Start of SUPPLIED MATERIAL

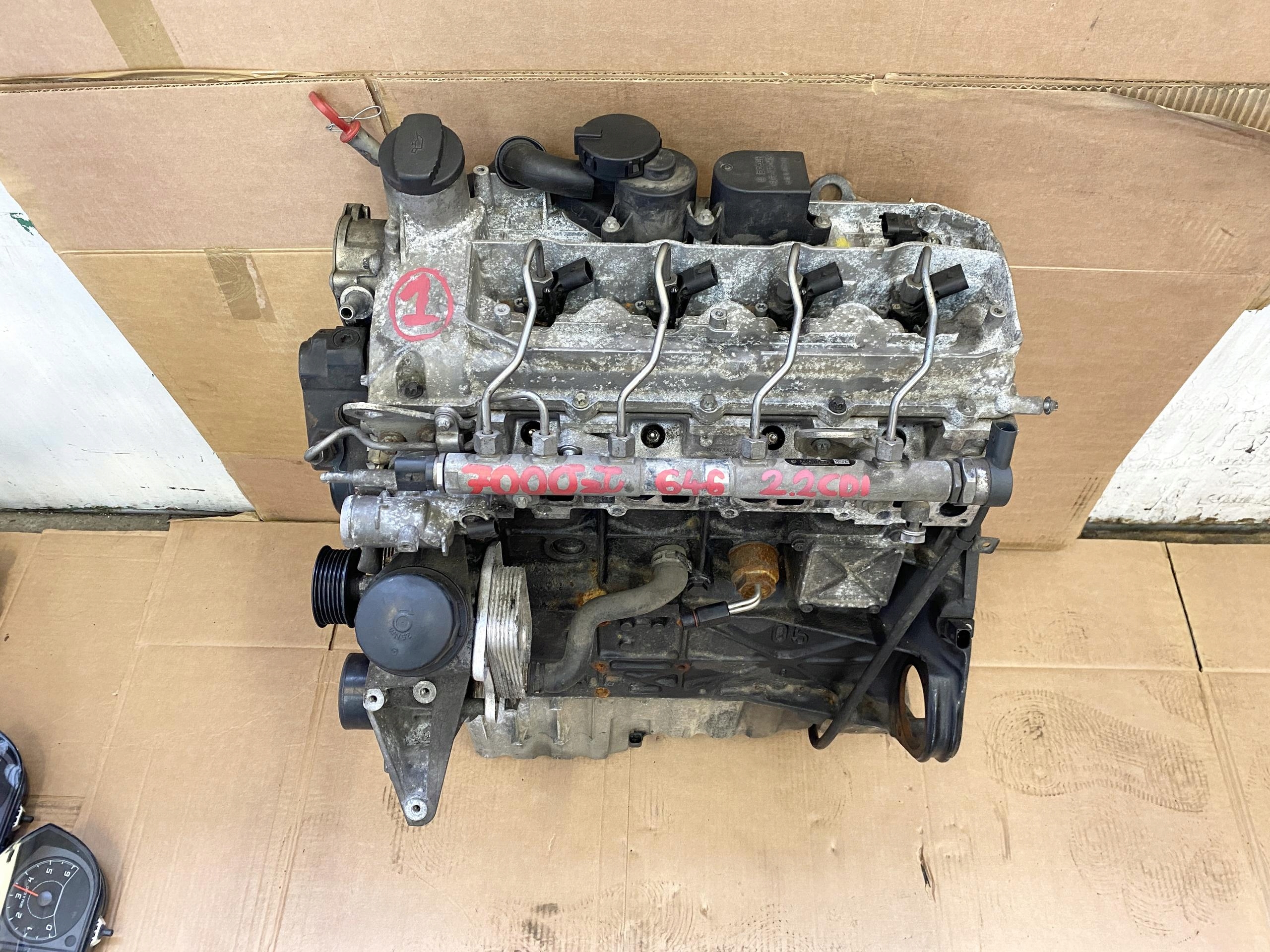 Sprinter 906 2.2 CDI 06- engine 646 demontaz
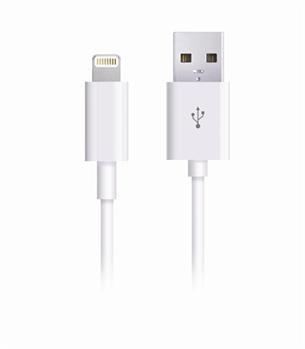 Cygnett nabíjací a synchronizačný kábel Lightning/USB, 2m, MFi schválený, biely CY1101PCCSL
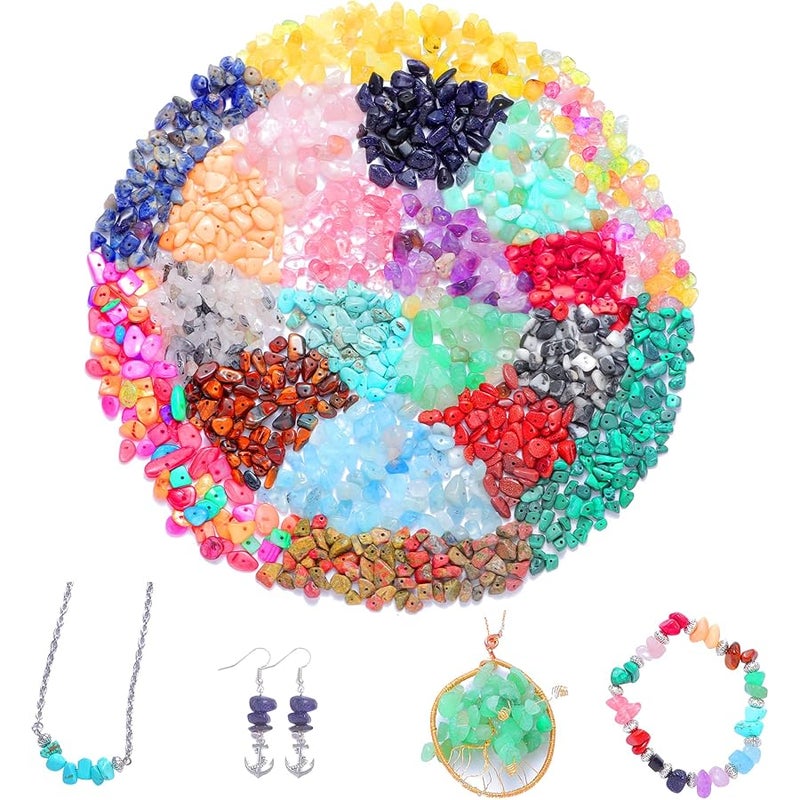 Xmada Jewelry Making Supplies Kit - 1587 PCS Beads, Crystal Beads, Jewelry Pliers, Beading Wire, Earring Hooks, Rings, Bracelets for Girls and Adults - Image 3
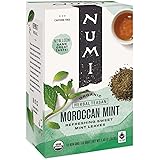 Numi Organic Tea Moroccan Mint, Tea Bags, Herbal Teasan, 18 Count, Pack of 3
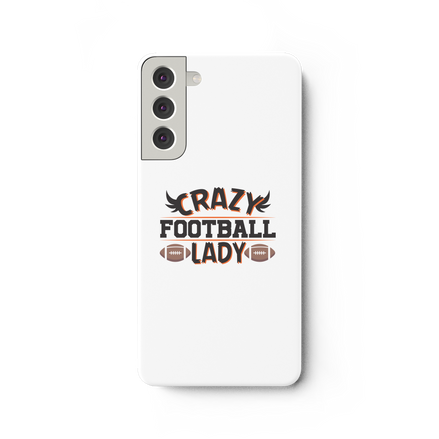 Crazy Football Lady - Samsung Galaxy S22 Plus Handyhülle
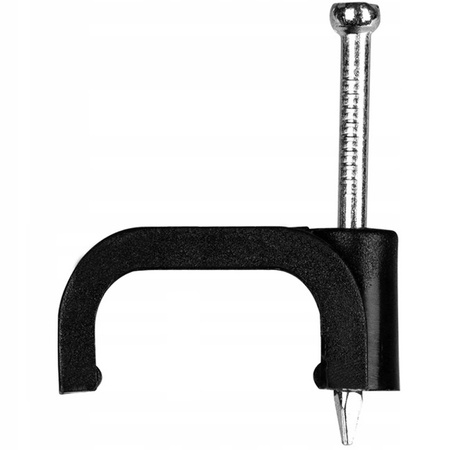 Uchwyt Kablowy Płaski FLOP KLIP YDYp3x1,5 10/6 Czarny 100szt PAWBOL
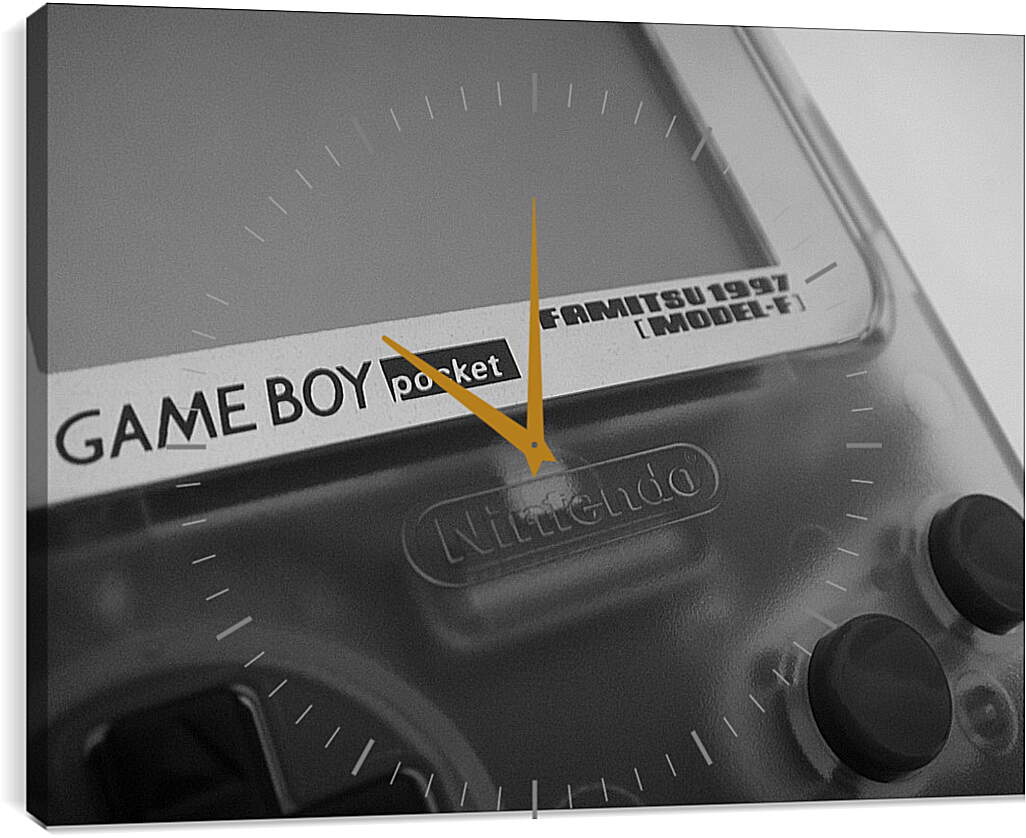 Часы картина - Game Boy
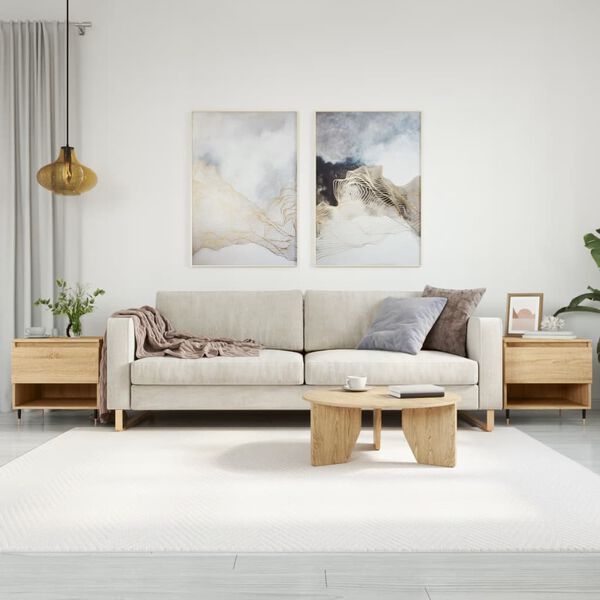 vidaXL Tavolini Salotto 2pz Rovere Sonoma 50x46x50cm Legno Multistrato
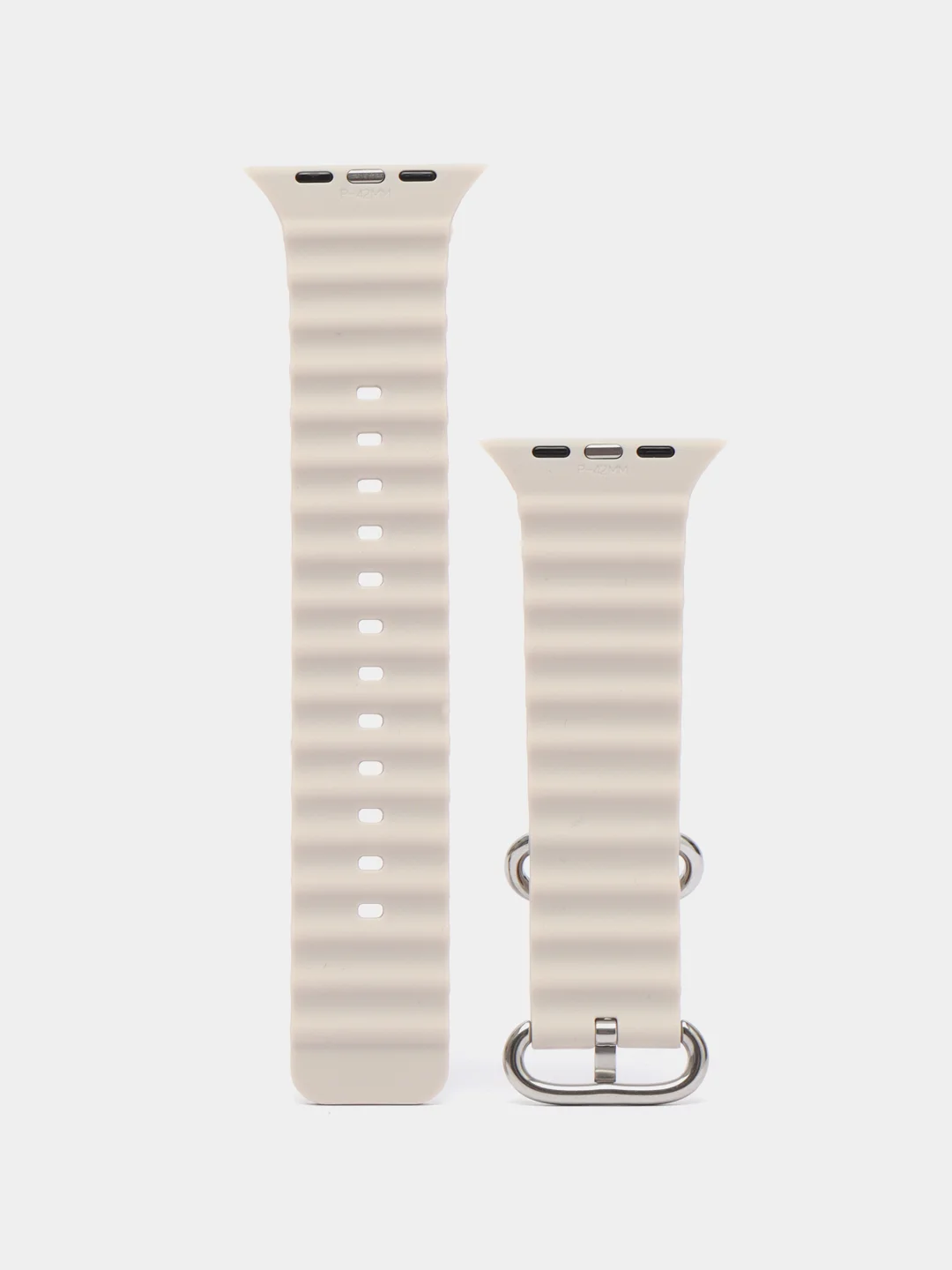 Бежевый меланж силиконовый ремешок Ocean Watch для Apple Watch Series Ultra 8 7 6 5 SE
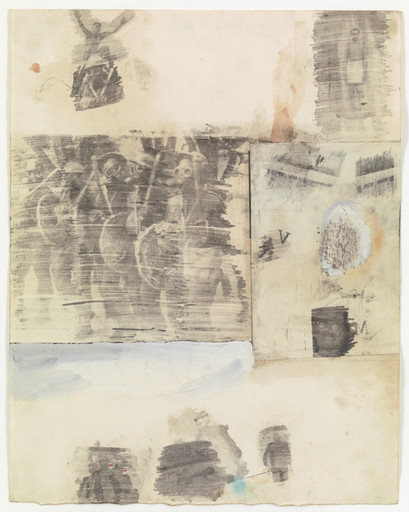 Robert Rauschenberg. Canto XXI: Circle Eight, Bolgia 5, The Grafters from the series Thirty-Four Illustrations for Dante's Inferno. 1959-60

End of SUPPLIED MATERIAL

● **TASK PROMPT**: Exactly repeat the material from its first line through the line with "vidaXL Tavolini Salotto", including both, and leave the pictures and everything else out.

● **RESPONSE**:
 Sprinter 906 2.2 CDI 06- engine 646 demontaz
 Cygnett nabíjací a synchronizačný kábel Lightning/USB, 2m, MFi schválený, biely CY1101PCCSL
 Xmada Jewelry Making Supplies Kit - 1587 PCS Beads, Crystal Beads, Jewelry Pliers, Beading Wire, Earring Hooks, Rings, Bracelets for Girls and Adults - Image 3
 Numi Organic Tea Moroccan Mint, Tea Bags, Herbal Teasan, 18 Count, Pack of 3
 Crazy Football Lady - Samsung Galaxy S22 Plus Handyhülle
 Uchwyt Kablowy Płaski FLOP KLIP YDYp3x1,5 10/6 Czarny 100szt PAWBOL
 Часы картина - Game Boy
 vidaXL Tavolini Salotto 2pz Rovere Sonoma 50x46x50cm Legno Multistrato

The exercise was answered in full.